Tornado hits MN Guard's Camp Ripley

Storms slam Fort Ripley

LITTLE FALLS, Minn. - The National Weather Service now says it was a tornado that caused extensive damage at the Minnesota National Guard's Camp Ripley.

A line of storms packing heavy winds rolled through Morrison County after 10 p.m. Wednesday. The National Weather Service reports an EF-1 tornado, with winds up to 90 miles-per-hour, touched down at approximately 10:34 p.m. It was about 50 yards wide and was on the ground between 7 and 8 miles.

The tornado caused major damage to Camp Ripley housing, training and maintenance facilities. There was also major damage to the 10-megawatt solar array that was set to be dedicated next week.

"It was a complete surprise to us when it came,” said Colonel Scott St. Sauver, who is Camp Ripley’s post commander. "As you come down and see this kind of damage you say, ‘Oh my goodness, it really was a shock’.”

St. Sauver, who is the only person who lives full time on the grounds, said there was no warning. Several dozens of soldiers and civilians were sleeping in the impacted areas as tornado rolled through.  No was injured, he said.

Staff Sergeant Tanya Tschida was on the first floor of a two story building that was damaged when a portion of the roof blew off and landed close to her car. She said she didn’t hear it.

"I actually happened to be sleeping in my bed,” she recalled. “I looked out my door and saw two inches of water.”  

Her car was damaged, along with the vehicle next to hers.
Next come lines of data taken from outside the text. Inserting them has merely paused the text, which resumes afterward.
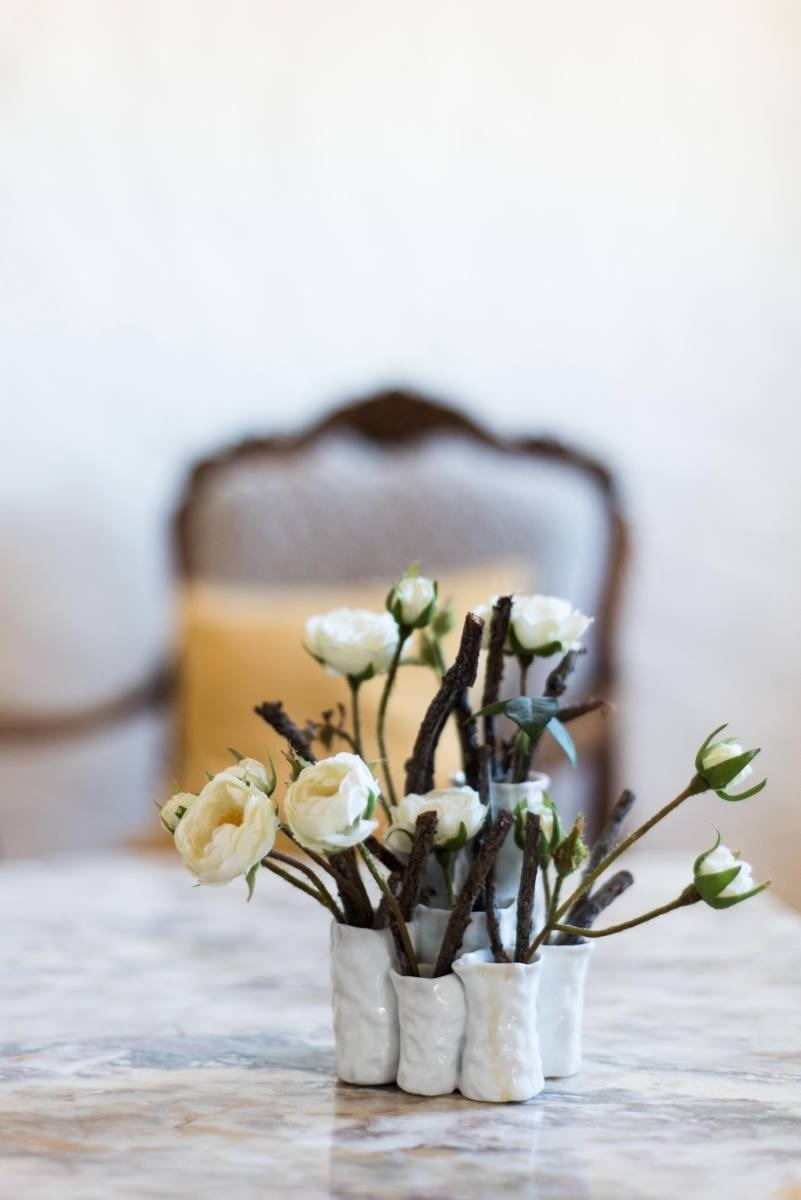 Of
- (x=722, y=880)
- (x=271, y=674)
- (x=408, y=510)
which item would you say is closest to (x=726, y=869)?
(x=722, y=880)

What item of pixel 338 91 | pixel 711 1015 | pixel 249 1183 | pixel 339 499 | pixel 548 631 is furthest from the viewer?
pixel 338 91

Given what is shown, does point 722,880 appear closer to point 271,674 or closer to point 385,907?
point 385,907

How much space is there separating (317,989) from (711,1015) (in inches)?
12.3

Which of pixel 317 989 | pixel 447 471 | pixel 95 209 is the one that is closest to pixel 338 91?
pixel 95 209

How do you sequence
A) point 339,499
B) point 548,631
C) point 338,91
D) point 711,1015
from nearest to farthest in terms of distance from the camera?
point 548,631 → point 711,1015 → point 339,499 → point 338,91

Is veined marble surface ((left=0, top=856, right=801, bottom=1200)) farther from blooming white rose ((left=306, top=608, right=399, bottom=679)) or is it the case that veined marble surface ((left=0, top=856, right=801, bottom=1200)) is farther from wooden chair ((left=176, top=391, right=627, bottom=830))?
wooden chair ((left=176, top=391, right=627, bottom=830))

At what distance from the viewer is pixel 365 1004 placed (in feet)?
2.66

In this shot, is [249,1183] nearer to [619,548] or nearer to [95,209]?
[619,548]

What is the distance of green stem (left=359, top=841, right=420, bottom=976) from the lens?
0.76 meters

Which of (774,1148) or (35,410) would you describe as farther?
(35,410)

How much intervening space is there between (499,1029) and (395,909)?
0.10 metres

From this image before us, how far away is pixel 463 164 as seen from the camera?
254 cm

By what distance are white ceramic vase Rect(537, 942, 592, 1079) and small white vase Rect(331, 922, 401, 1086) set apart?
0.30 feet

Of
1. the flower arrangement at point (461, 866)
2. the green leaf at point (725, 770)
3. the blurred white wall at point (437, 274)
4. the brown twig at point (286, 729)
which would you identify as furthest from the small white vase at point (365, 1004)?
the blurred white wall at point (437, 274) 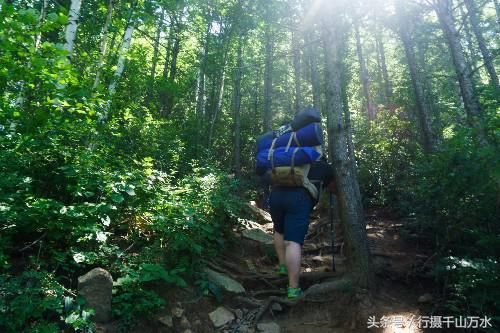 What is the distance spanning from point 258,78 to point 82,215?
22606mm

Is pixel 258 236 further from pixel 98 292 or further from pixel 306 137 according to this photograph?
pixel 98 292

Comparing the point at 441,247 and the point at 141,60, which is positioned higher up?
the point at 141,60

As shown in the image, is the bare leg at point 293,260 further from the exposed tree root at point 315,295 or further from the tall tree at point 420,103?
the tall tree at point 420,103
Camp Ripley staff members say another car was picked up and dropped several feet away.

As far as the solar array, it will be Minnesota Power's first solar power plant, according to the company. A company spokesperson told KARE 11 they are in the planning stages on how to fix it.

“This project was coming to an end and we were going to have a ribbon cutting next week,” said Staff Sergeant Anthony Housey. “It took out everything it its path.”
Now the cleanup and repair is underway.

"No one knew this was going to produce this kind of surgical storm,” said St. Sauver.